We do not explicitly include C11-style *plain* access. Plain access is the same as relaxed access for race-free programs; for racy programs, plain access results in undefined behavior.

*Formulae.* Logical formulae include equations over locations and registers, such (x=1) and (r=s+1). Formulae are *open*, in that occurrences of register names and memory locations are subject to substitutions of the form  $\phi[x/r]$  and  $\phi[N/x]$ . Actions are not subject to substitution.

We use expressions as formulae, coercing M to  $M \neq 0$ .

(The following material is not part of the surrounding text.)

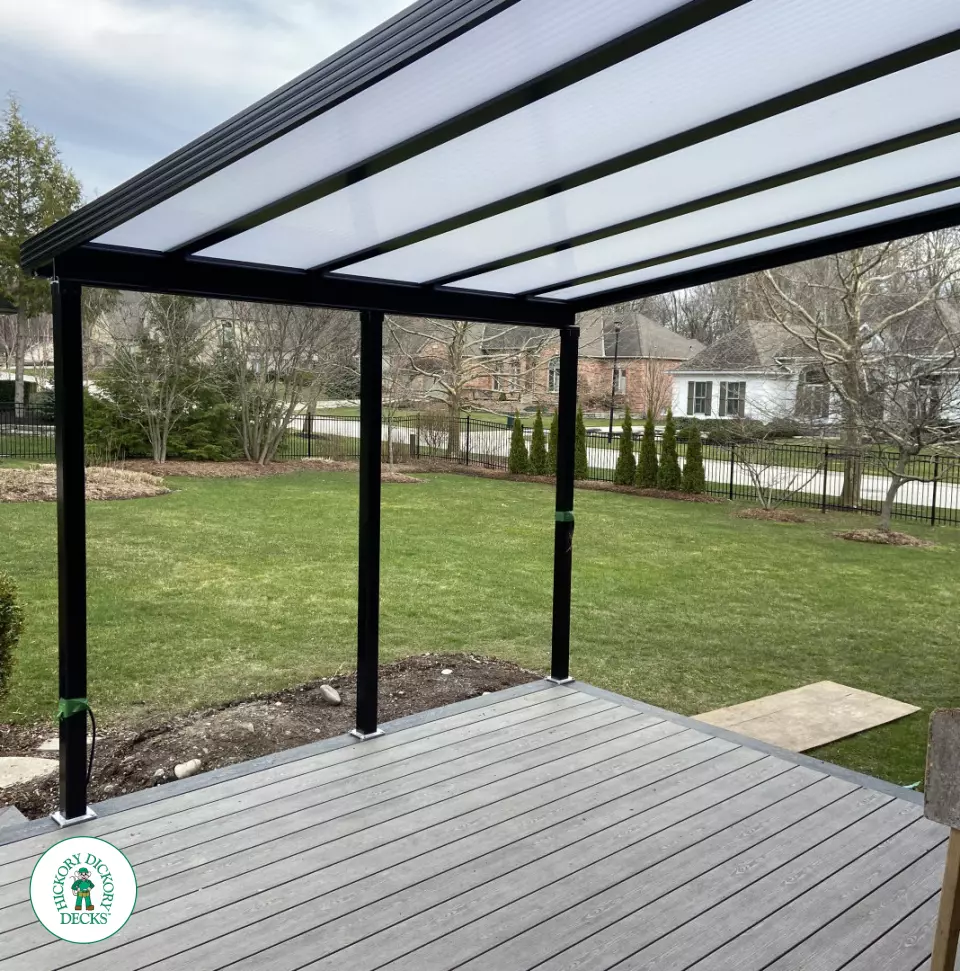 Clubhouse deck with aluminum railings, lights and custom roof in London Ontario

Definition 2.1. We say  $\phi$  is independent of x if, for every v,  $\phi \models \phi[v/x] \models \phi$ ; it is dependent otherwise. We say  $\phi$  is location independent if it is independent of every location. We say  $\phi$  implies  $\psi$  if  $\phi \models \psi$ . We say  $\phi$  is a tautology if true  $\models \phi$ . We say  $\phi$  is unsatisfiable if  $\phi \models$  false.

#### 2.2 Semantic domain

We model single executions as *pomsets with preconditions—pomsets*, for short—ranged over by *P*. These extend the well-known model of partially ordered multisets [Gischer 1988] with formulae and a termination event.

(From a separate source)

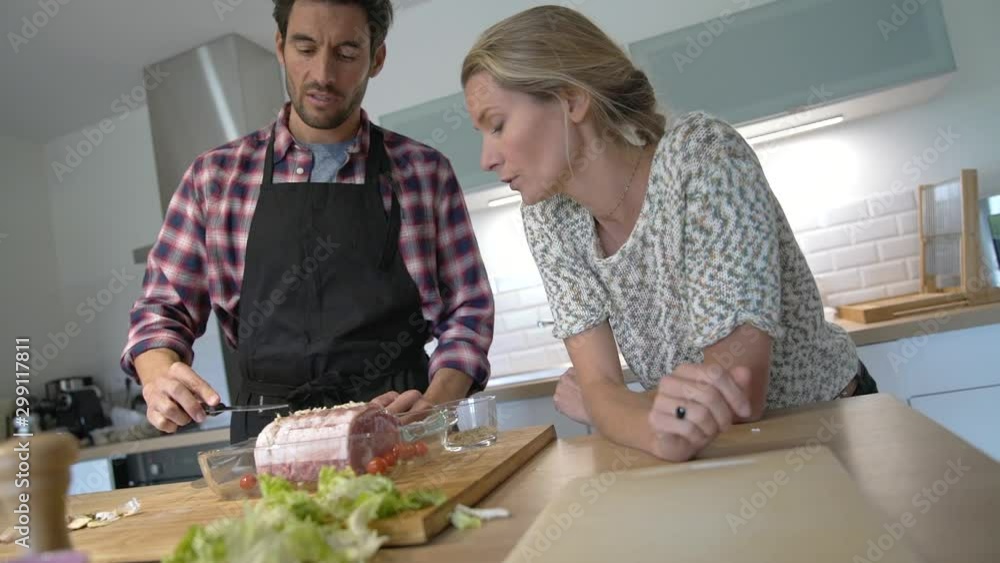 young couple preparing a meal in the kitchen young couple preparing a meal in the kitchen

The pomset order relation,  $\leq$ , represents *causality*. We visualize pomsets as directed graphs. For example, the semantics of var x;  $(x:=0; x:=1 \parallel y:=x; z^{ra}:=1)$  includes:

$$(Wx0) - \rightarrow (Wx1) \longrightarrow (Rx1) \longrightarrow (Wy1) \longrightarrow (W^{ra}z1) \longrightarrow (\bigvee$$

We visualize order using arrows that indicate the reason that the order arises.  $(Wx0) \rightarrow (Wx1)$  is a *coherence* requirement: the write of 1 must follow the write of 0, since these are in *conflict* and in program order.  $(Wx1) \rightarrow (Rx1)$  is a *reads-from* requirement: the read of x must be *fulfilled* by a matching write.  $(Rx1) \rightarrow (Wy1)$  is a *dependency* requirement: the write to y *depends on* the read of x.  $(Wy1) \rightarrow (W^{ra}z1)$  and  $(W^{ra}z1) \rightarrow (\checkmark)$  are *fencing* requirements.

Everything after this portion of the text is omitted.